_TRY IT_: Exactly and only the lines below from the one containing "A pastel unicorn" down to the one containing "TOPSHOT - Canada's" are wanted, both included; please exclude every picture.

_SUPPLIED MATERIAL_:
● ● ●

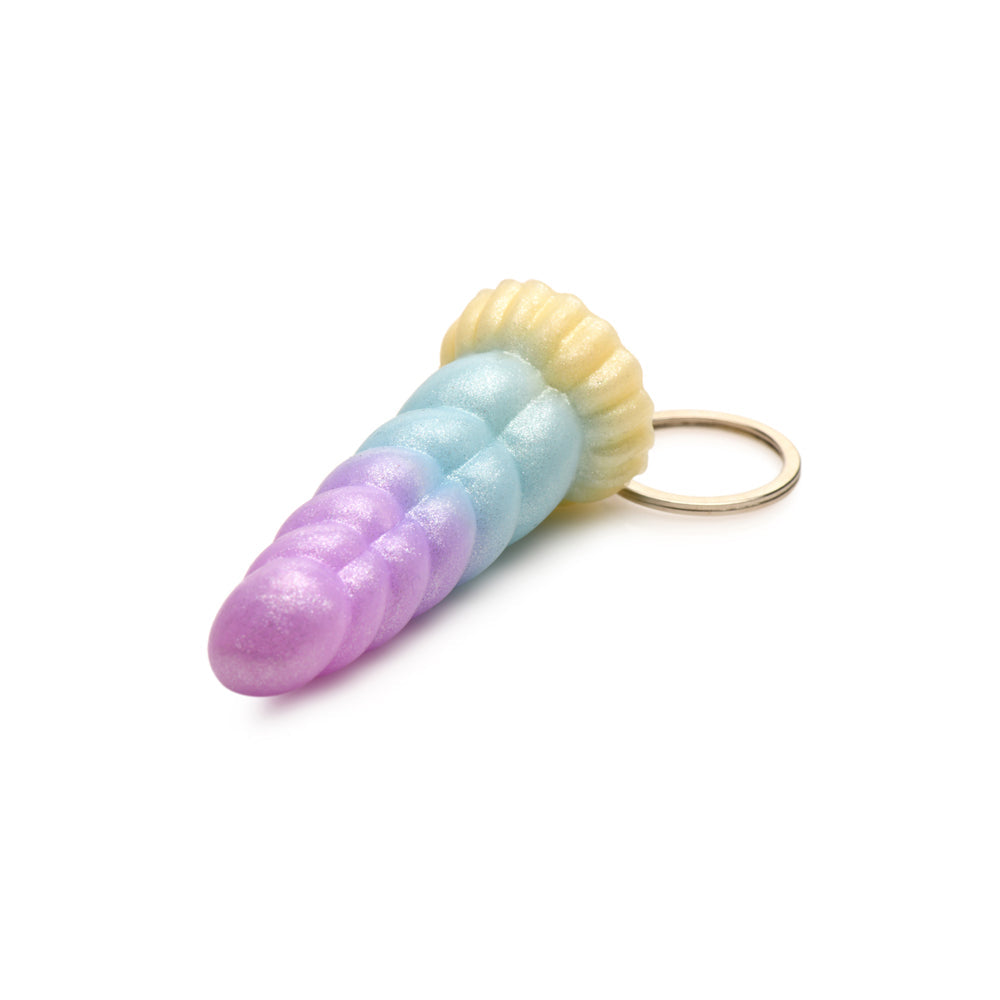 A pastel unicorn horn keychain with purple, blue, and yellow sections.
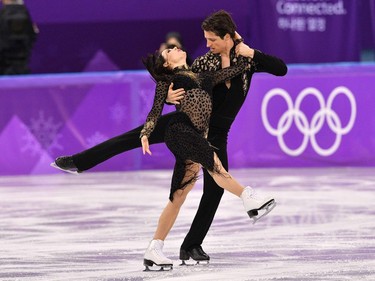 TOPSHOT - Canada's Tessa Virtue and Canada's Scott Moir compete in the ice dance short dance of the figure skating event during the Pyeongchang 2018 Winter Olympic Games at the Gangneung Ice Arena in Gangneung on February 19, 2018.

● ● ●

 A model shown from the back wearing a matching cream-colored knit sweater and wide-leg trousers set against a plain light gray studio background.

● ● ●

_YOUR RESPONSE_:
 A pastel unicorn horn keychain with purple, blue, and yellow sections.
 TOPSHOT - Canada's Tessa Virtue and Canada's Scott Moir compete in the ice dance short dance of the figure skating event during the Pyeongchang 2018 Winter Olympic Games at the Gangneung Ice Arena in Gangneung on February 19, 2018.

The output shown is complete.